I live in a northern suburb of Chicago, about 9 miles from the Wisconsin state line. Kenosha, WI, home to some of the worst rioting last summer, is a 25 minute drive from our house. We have family in Kenosha and have shopped and dined at some of the very businesses that were destroyed last year. It is very sobering to see businesses in your own town pre-emptively boarding up their windows, and to see friends and neighbors rushing to the grocery store to stock up before looting might occur. I felt very powerless to protect my family and knew the time was now to exercise my 2nd amendment right.
Illinois is a VERY blue state, so securing a Firearm Owner's ID card (FOID) took almost nine months, even though by statute it is only supposed to take 35 days. One benefit of this delay was that it allowed me to do quite a bit of research on what I wanted to buy. Of course, almost every gun owner I spoke to said to buy a Glock, but I wanted to get something different. If I was going to take the steps necessary to buy a gun, I didn't want it to just be an appliance. (No offense, Glock fans!)
Out of sheer boredom one day, I randomly clicked on an link for a Stribog on the Gun Broker web site. From there, I searched Grand Power on You Tube and came across Graham's "Wonderfully Different" series of videos. Having never owned a gun and never even picked up a Grand Power, I ordered a P1 Ultra online less than a week after my FOID card was finally issued. I'm officially a Grand Power Fanboy now!! 😀
Graham - Your low-key and fact-based reviews are really appreciated.

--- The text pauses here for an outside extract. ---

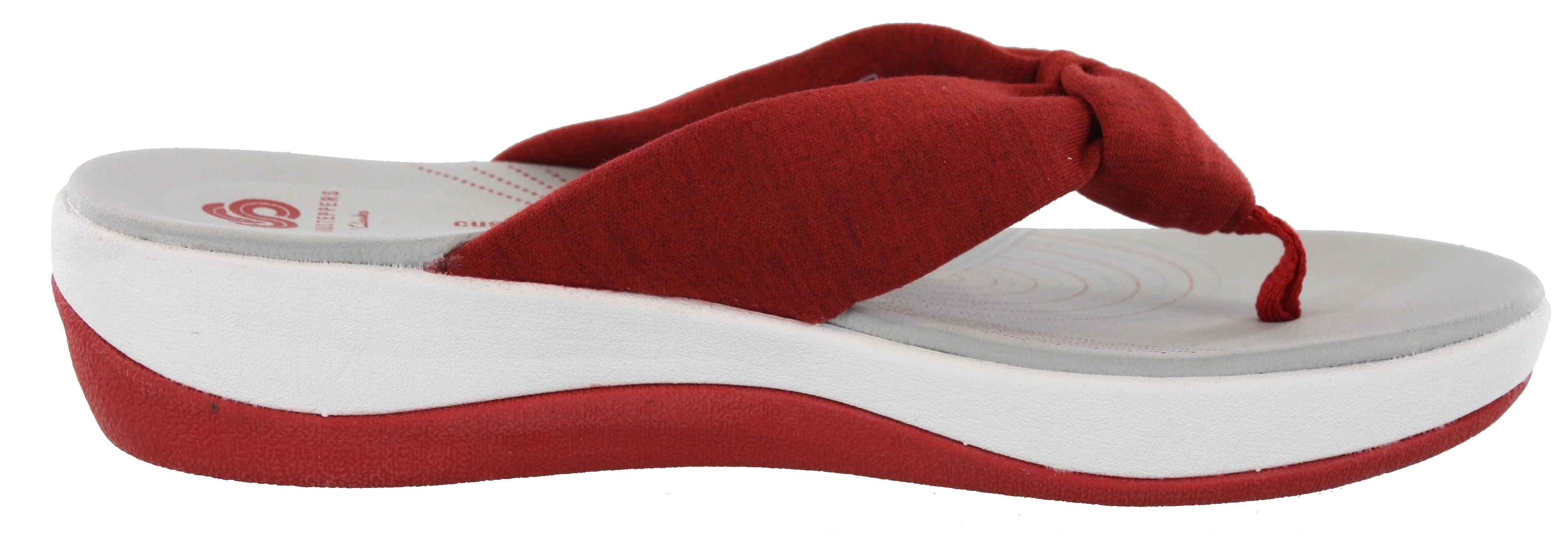 Clarks Women Arla Glison Thong Sandals with Arch Support - Image 12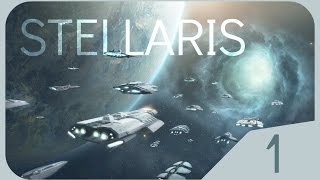 Lets Learn Stellaris  Noob Into Space 1  A New Species Mac Stellaris Gameplay  Tutorial [upl. by Lena]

It's been great seeing Teya get more comfortable in her appearances as your video library has grown. Congratulations on the new venture!
Hi- My friends just call me Doc. I started shooting when I was 8 years old under the direction of my father. We had property and our own shooting range. I grew up out in the woods and we lived in a log cabin, a real old one, not a kit. When my father died, I inherited the first gun I ever shot, a Marlin 39 Century Ltd. .22, which is in very nice condition, and I cherish. I am now a collector, shooter, 2A advocate, and armed citizen.
In between all that I travelled through 9 countries and 15 states, stopping to live in a variety of places for a time. I was a pistol instructor over 30 years ago, trained citizens and police, I was the head of a small private security force for a luxury 26 story community, and I am a patched member of a motorcycle organization and Sergeant At Arms for the local chapter. I am an MD, trained in surgery, and I have been exclusively teaching medicine/surgery since 2008, which includes the ballistics, projectile characteristics, wound channels, and the associated medical/surgical management.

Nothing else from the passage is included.